Outro problema é a integración destas perífrases perfectivas con _ter + participio _na conxugación, na que formaría os tempos compostos de perfecto, como en español con _haber_, ou ben a súa pertenza ás perífrases aspectuales, fóra da conxugación. E, aínda, para complicar a cousa o portugués actual está a formar un tema de perfecto, pero con haver como "auxiliar", como en español (este preoblema non afecta o galego que segue a usar a perífrase tiña + participio que é sentida como perífrase e non com tempo conxugacional; o tempo conxugacional é o pluscuamperfecto en -era, directamente derivado do latín. Preférese _dixera _á perífrase perfectiva _tiña dito _e, por suposto, en galego *_había dito _é un barbarismo (españolismo), unha interferencia do español que convive en situación diglósica co galego na Galiza.


----------



## Guajara-Mirim

Ola Xiao,

Moitas graciñas pola resposta. Pero o que eu non entendo moi ben é se podemos dicer e usar: tener + partícipio en portugués? 
Dúas frases en español olla ben a construcción por favor.

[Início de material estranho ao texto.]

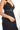 Magasinez la robe élégante de la nouvelle collection de la Boutique Colori - Shop the elegant dress from new collection from Boutique Colori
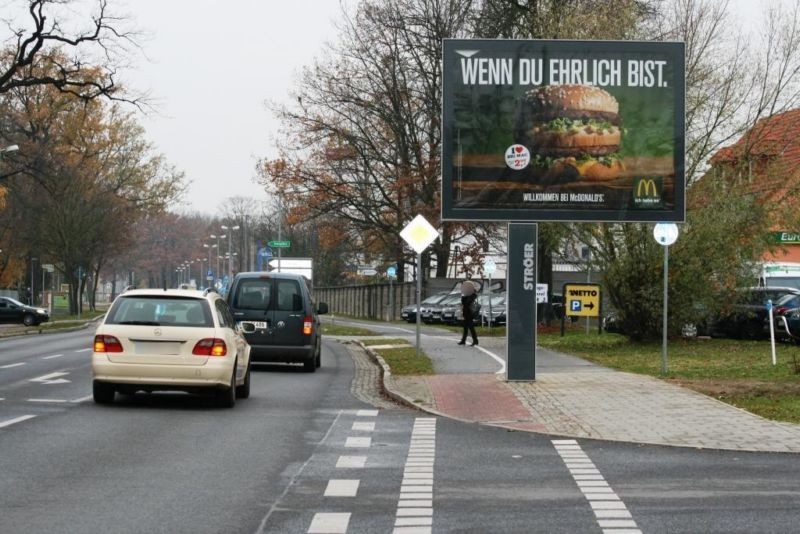 Berliner Str.   5/We.re.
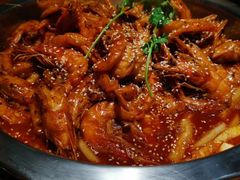 -邵汇大虾(大东门店)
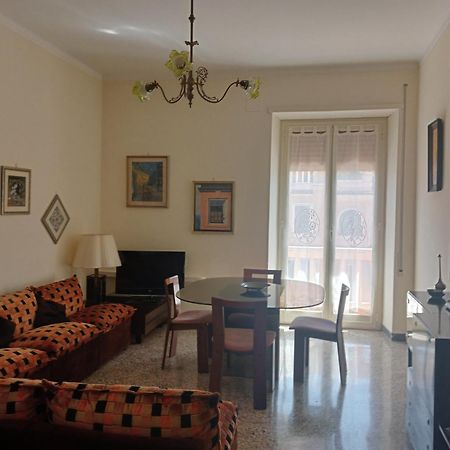 Il Vostro Comfort Roma Esterno foto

"Ya *tengo comprado *un nuevo coche."
"Siempre *teníamos hechas *las maletas."

Sei que se fala sempre *haber + partícipio* en español a diferencia do portugués. Pero, en español admítese tamén esta forma *tener + **partícipio* nalgunhas situacións. Entón, en portugués pódese dicer igual como no exemplo que pus? (Mensaxe n°1)

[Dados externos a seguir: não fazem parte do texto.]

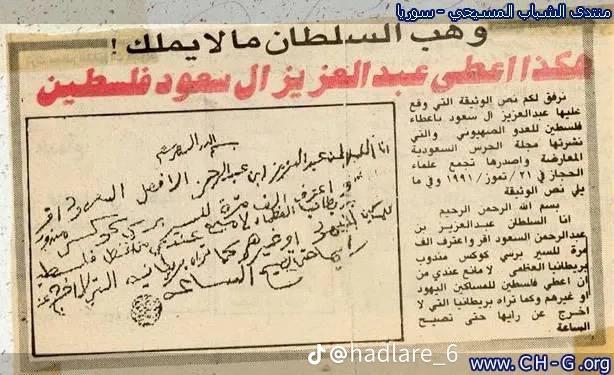 feredo 🇩🇿 tweet media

Iso é o problema, cal a valor de *tener + partícipio *en español e en *portugués *especialmente?


----------



## XiaoRoel

Eu diria que em español só há perífrase quando o particípio fica fosilizado, e é a mesma coisa em portugués. Quando o participio concerta em género e número com o objecto directo, não há nunca perifráse, senão que é um predicativo do OD do verbo trasitivo ter. O sentido de pasado dá-o o participio que, cumpre não esquecermos disso, é un participio de pretérito, com valor perfectivo em si próprio.


----------



## Guajara-Mirim

Bom dia,



> "Reconheço que sou neófito no assunto, uma vez que minha área é psicologia. Não acredito que a variante da minha região (SUL) é a correta, mas essa maneira de falar que DE se pronuncia DI, é ridiculo. *Tenho conhecidos *franceses que falam a sílaba DE no som DI (isso porque a língua francesa tem essa característica), diferente de meus parentes italianos que falam de, DE, com E. Essa aula é completamente inútil, uma vez que a forma falada é compreensível de ambas as formas."



Então isso não está correto? Não devemos dizer ou escrever, por exemplo; "*tenho* *conhecidos* franceses qua falam [...] formas." Deve ser: "*tenho conhecido *franceses que falam [..] formas."


----------



## WhoSoyEu

Guajara-Mirim said:


> Bom dia,
> 
> 
> 
> Então isso não está correto? Não devemos dizer ou escrever, por exemplo; "*tenho* *conhecidos* franceses qua falam [...] formas." Deve ser: "*tenho conhecido *franceses que falam [..] formas."


São duas coisas diferentes.
 "Tenho conhecidos franceses" = conheço pessoas de nacionalidade francesa. Aqui o "conhecidos" é um substantivo.
"Tenho conhecido franceses"= conheci pessoas de nacionalidade francesa. Aqui o "conhecido" é verbo.


----------



## Guajara-Mirim

WhoSoyEu said:


> São duas coisas diferentes.
> "Tenho conhecidos franceses" = conheço pessoas de nacionalidade francesa. Aqui o "conhecidos" é um substantivo.
> "Tenho conhecido franceses"= conheci pessoas de nacionalidade francesa. Aqui o "conhecido" é verbo.



Valeu Who! Obrigado por ter respondido, a frase com o substantivo 'conhecidos' pode se usar igual que em espanhol?


----------



## WhoSoyEu

Guajara-Mirim said:


> Valeu Who! Obrigado por ter respondido, a frase com o substantivo 'conhecidos' pode se usar igual que em espanhol?


Sim, pode. "Tengo conocidos franceses". Como você pode ver, em espanhol pode ocorrer a mesma confusão que em português.


----------



## Guajara-Mirim

WhoSoyEu said:


> Sim, pode. "Tengo conocidos franceses". Como você pode ver, em espanhol pode ocorrer a mesma confusão que em português.



Sí, sí me volví loco porque en algunos sitios, yo pude ler que tener +particípio se usa para reforzar la acción cumplida. Por eso, quería saber si era la misma cosa en portugués.


----------



## WhoSoyEu

No Brasil usa-se mais o passado simples (conheci) que o composto (tenho conhecido). Este último é utilizado no caso de ação continuada.


----------



## Guajara-Mirim

WhoSoyEu said:


> No Brasil usa-se mais o passado simples (conheci) que o composto (tenho conhecido). Este último é utilizado no caso de ação continuada.



Sim, concordo plenamente com você, Who. Mas, é esse "s" que chamou a minha atenção, (o subtantivo), que pude notar em ambas línguas pelo menos nos exemplos que escrevi.


----------



## WhoSoyEu

Tenho um conhecido francês. Tenho muitos conhecidos franceses.

Você pode ver a diferença?


----------



## Guajara-Mirim

Sim, a concordância, é isso. Obrigado! Prefiro perguntar porque nos livros não achei (ainda) esta regra.


----------